Harry beamed. “Father never would have imagined I would one day bring you back here like this.” He had planned a reception in the palm garden salon, which had been a feat unto itself, as the salon was never used for hosting private parties. Bess, however, had stepped in and won over the management with Harry’s story. She had explained how he wanted to crown his mother as a queen, for a few hours. The sentimentality of the plot appealed to the manager. “For so worthy a cause,” he told them, “you may have the room for nothing.”
When Mrs. Weiss had changed into the dress, Harry led her into the salon, where everyone she had known once who was able to come waited to surprise her. She had not seen any of them in decades; to only a few had she written letters. Uncle Heller, her mother’s brother and the family patriarch, had disapproved of her marriage to Rabbi Weiss, and he had disapproved of her move to America. He had told her it would end in disaster. Now, here she was, an old woman standing in the finest hotel in Budapest, in Queen Victoria’s gown, and her son was famous, and the walls were papered in gold leaf and she did not have that old life in the squalor of New York any longer, she had only this life, here.
The salon was decorated with black-and-white floor tiles, tapestries, palms, and gilded furniture. In the center of the room was a bubbling blue fountain, the water arcing over the head of a tiny cherub. Mrs. Weiss rested her hands on the edge of the fountain and bent her head.

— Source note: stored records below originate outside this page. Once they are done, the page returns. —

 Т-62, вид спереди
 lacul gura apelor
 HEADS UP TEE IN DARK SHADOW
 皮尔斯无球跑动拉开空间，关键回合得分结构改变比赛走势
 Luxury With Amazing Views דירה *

Bess was alarmed. “Are you all right, Mother?”
“I was just thinking how two weeks ago I was looking at the Sears catalog, thinking that twenty cents for a bread toaster seemed so much. And now here I am standing on the other side of the world in Queen Victoria’s dress.”
“Ehrich does love you very much. I can only hope I have a son one day who loves me just as much.”

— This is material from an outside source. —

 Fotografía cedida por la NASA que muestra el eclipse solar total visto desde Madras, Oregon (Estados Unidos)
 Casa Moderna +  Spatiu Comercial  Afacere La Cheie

The manager entered the room wearing an expensive suit of clothes, the kind that was reserved for royalty. He kissed Mrs. Weiss’s hand and knelt before her on one knee. One by one, the other guests, including Harry, knelt as well. The moment had been orchestrated to the last detail.

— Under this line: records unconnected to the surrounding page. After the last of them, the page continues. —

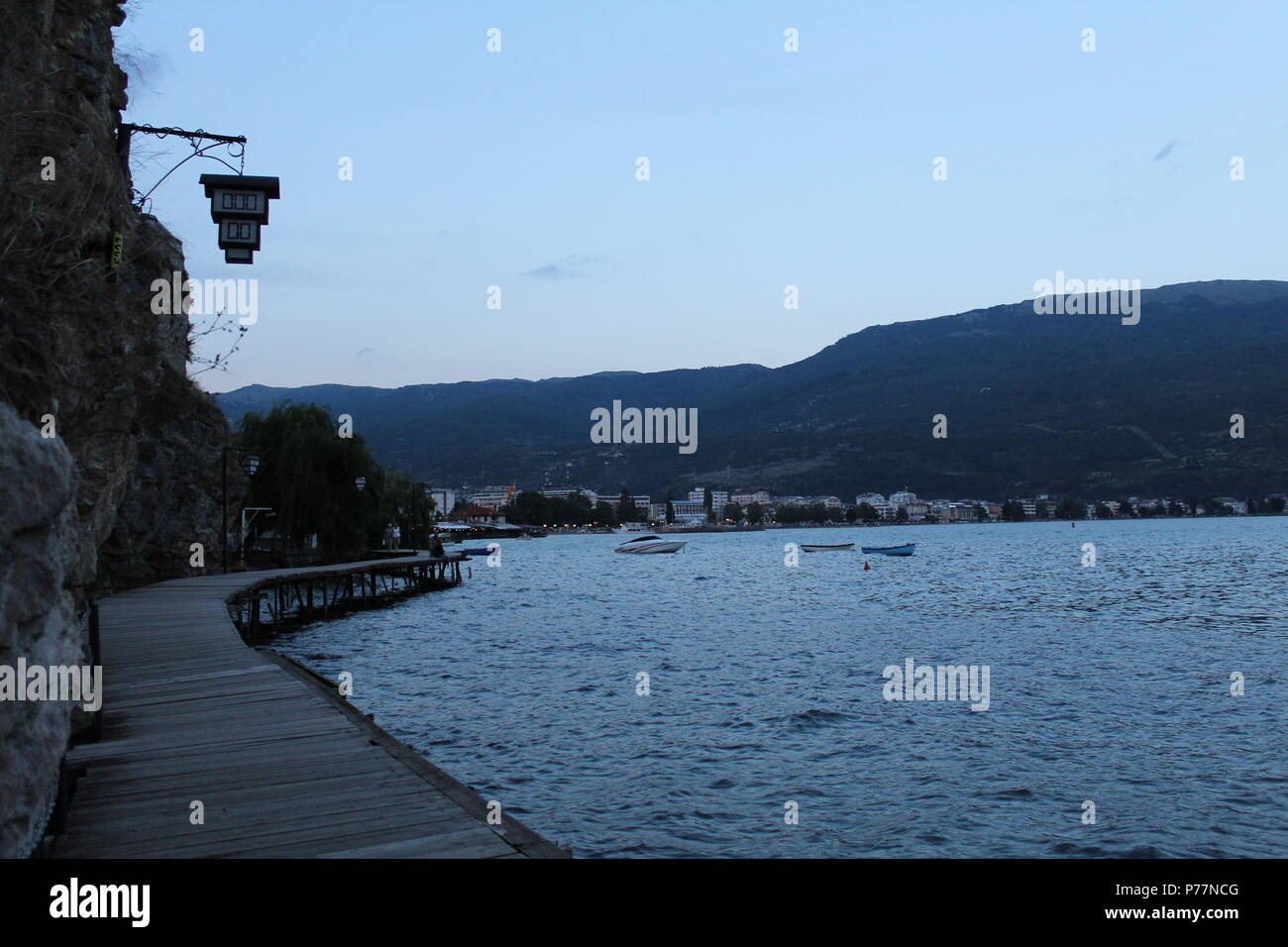 Sul molo di Ohrid Macedonia Foto Stock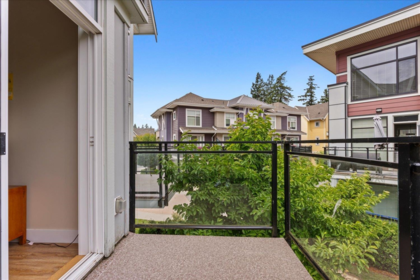 Outdoor Deck Photo of 23 45615 Tamihi Way, Chilliwack, BC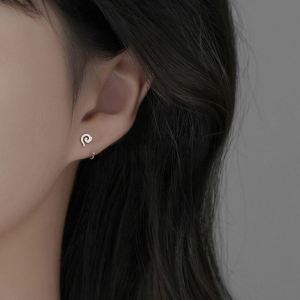 ต่างหูเงินแท้สำหรับผู้หญิง ดีไซน์เรียบง่าย ดีไซน์เฉพาะตัว หรูหรา ดีไซน์คลื่นเมฆ เครื่องประดับแฟชั่น 925 เงินแท้
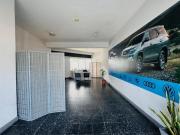 Local con estacionamientos en el frontis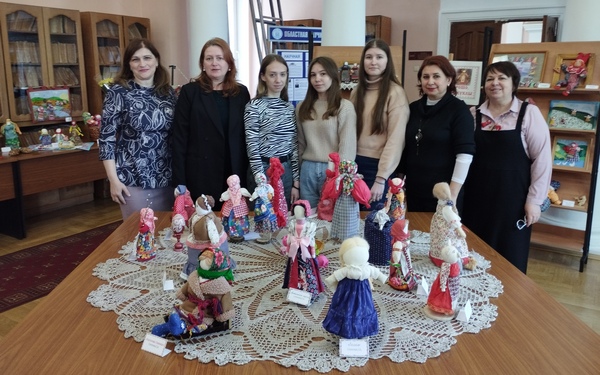 В Брянске открылась уникальная выставка «Дома хорошо, и в школе — куклы»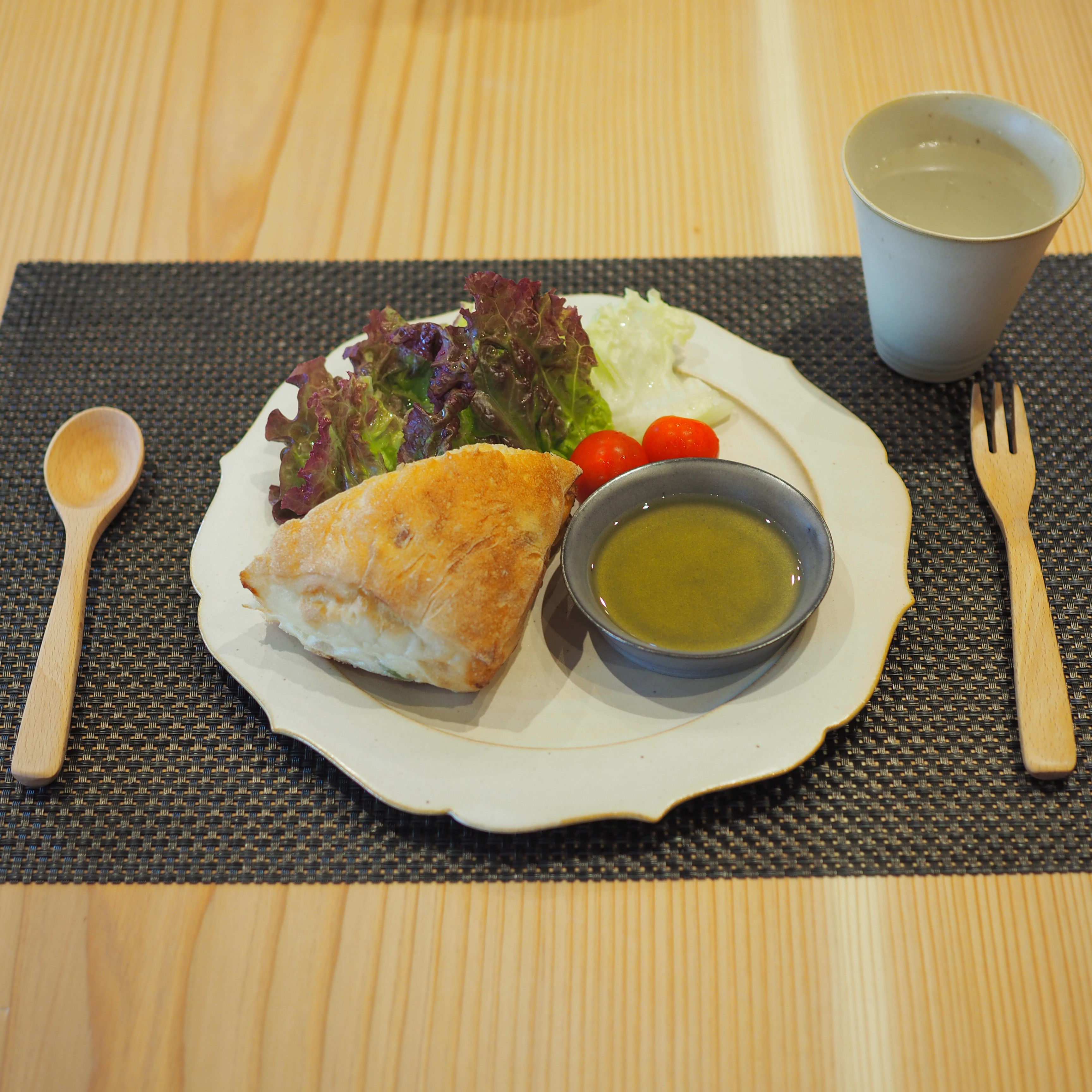 【京焼・清水焼】Mat　フラットプレート（リム）輪花　L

“Welcome to our establishment,” the manager said. “My mother passed away last year, but she would have been proud to see me open this room to you today.”
“You are like a fairy queen,” Bess whispered, placing a hand on her shoulder. “You are resplendent.”
Mrs. Weiss nodded mutely, staring around her in amazement. A line of waiters entered, bearing cups of black coffee and trays of small iced cakes.
Bess stepped aside to allow them to wait on Mrs. Weiss first. “You are happy, though?”
“Oh, yes,” she said, taking a cake off the tray. “I keep thinking I’m going to do something wrong. Everyone’s looking at me. And I don’t know how to be wealthy.”
“No one really knows how to be wealthy,” Bess said. “Except maybe the king and queen.”
“No.” Mrs. Weiss shook her head. “You’ll be a very good wealthy woman one day. You have vigor.”
Bess laughed.
“Did Harry ever tell you that I was a widow when I married the rabbi?”
“You were? I didn’t know that.”
“Yes. I married my first husband when I was just seventeen. But we were only married for six months. He got involved with some bad men, and lost a great deal of money, and there was an argument over it. He died in a duel.”
Bess grabbed her sleeve. “That’s terrible!”
She looked around the room. “It was a great scandal. Even my family was ashamed. These people I knew once, they came to this party, but that’s still what they all see now, when they look at me.” She paused. “I met the rabbi a few years later, and he was much older than I was, but he loved me, and he didn’t care that I was a widow. So I married him.”